Иногда посреди работы со мной вдруг случается такой приступ, заставляющий противиться толкающей меня силе; на меня нападает странная стилистическая хромота, я не могу выразить, что хочу.
Вот почему мой стиль часто приобретает ненавистную мне деланность, а то вдруг наоборот, раскрепощается. Эти судороги, которые я ощущаю в своих органах, являются отголоском тайных нервных тиков, которыми в детстве заклинаешь судьбу.
Даже теперь, когда я о них пишу, они меня не оставляют. Я пытаюсь их преодолеть. Я о них спотыкаюсь, увязаю, начинаю в них путаться. Я хотел бы стряхнуть с себя колдовство. Но нет, это наваждение сильней меня.
Я тешу себя мыслью, будто могу очертить границы того, от чего пытаюсь освободиться, хотя и безуспешно, — но не исключено, что эта сила противится моему освобождению и определяет многие вещи, вплоть до собственной формы.

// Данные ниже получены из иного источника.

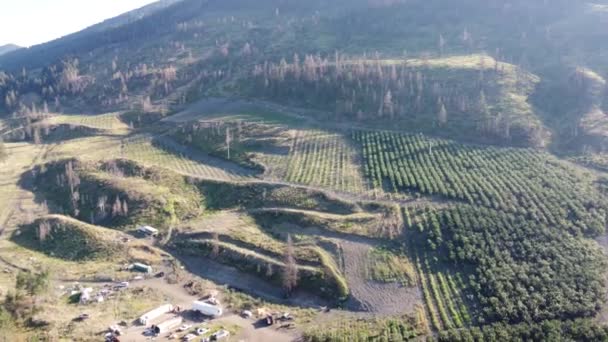 Sonniges Kirschenvergnügen Atemberaubende Drohnenaufnahmen Von Okanagans Üppiger Kirschfarm — Stockvideo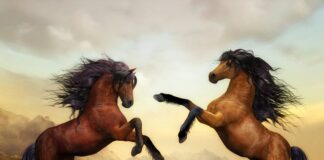 Jak zostać cyfrowym nomada? Jak zostać cyfrowym nomada?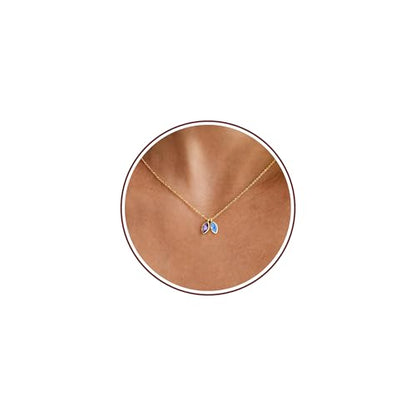2026 Graduation Gifts Birthstone Necklace for Women Dainty Gold Necklace with 2 Birthstone Birthday Gift for Her Teen Girl Gift Trendy Stuff for Her Mom Daughter Girlfriend Friend Christmas Stocking Stuffers - color: 02-12 Feb & Dec, style: Leaf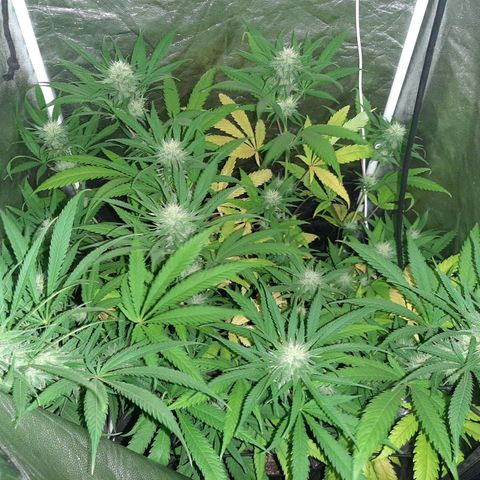 Pineapple Larry OG 🍍 ~ BSF Seeds 🧬 + LST ➰ + SCROG 🌐 growlog photo: 💐🍍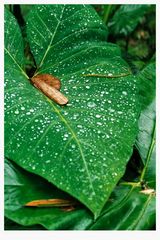 perleffekt - regenfänger aus dem regenwald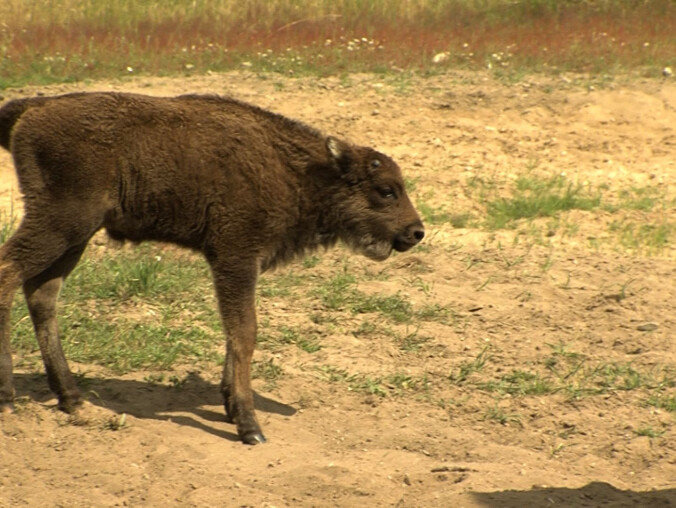 Wschodząca gwiazda - grafika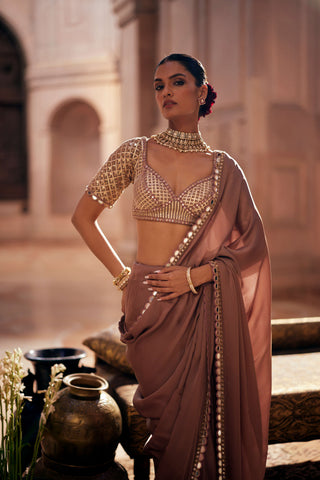Deep beige satin sari and sweetheart blouse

Вот я и определил, в чем состоит для меня трудность писать, которая мучит меня и из-за которой я предпочитаю беседу.
Мое перо бедно словами. Я верчу их, переставляю с места на место. А мысль бежит впереди. Иногда она вдруг замрет и обернется, и смотрит, как я тащусь следом. Это выводит ее из терпения. И она уносится прочь. Я теряю ее из виду.
Я отодвигаю в сторону бумагу. Занимаюсь другими делами. Открываю дверь. Я свободен. Легко сказать. Откуда ни возьмись налетает мысль, и я кидаюсь ее записывать.
Именно из-за упорства в борьбе с судорогами я обрастаю легендами одна нелепей другой. За небылицами я не различим и ужасающе обнажен из-за них же.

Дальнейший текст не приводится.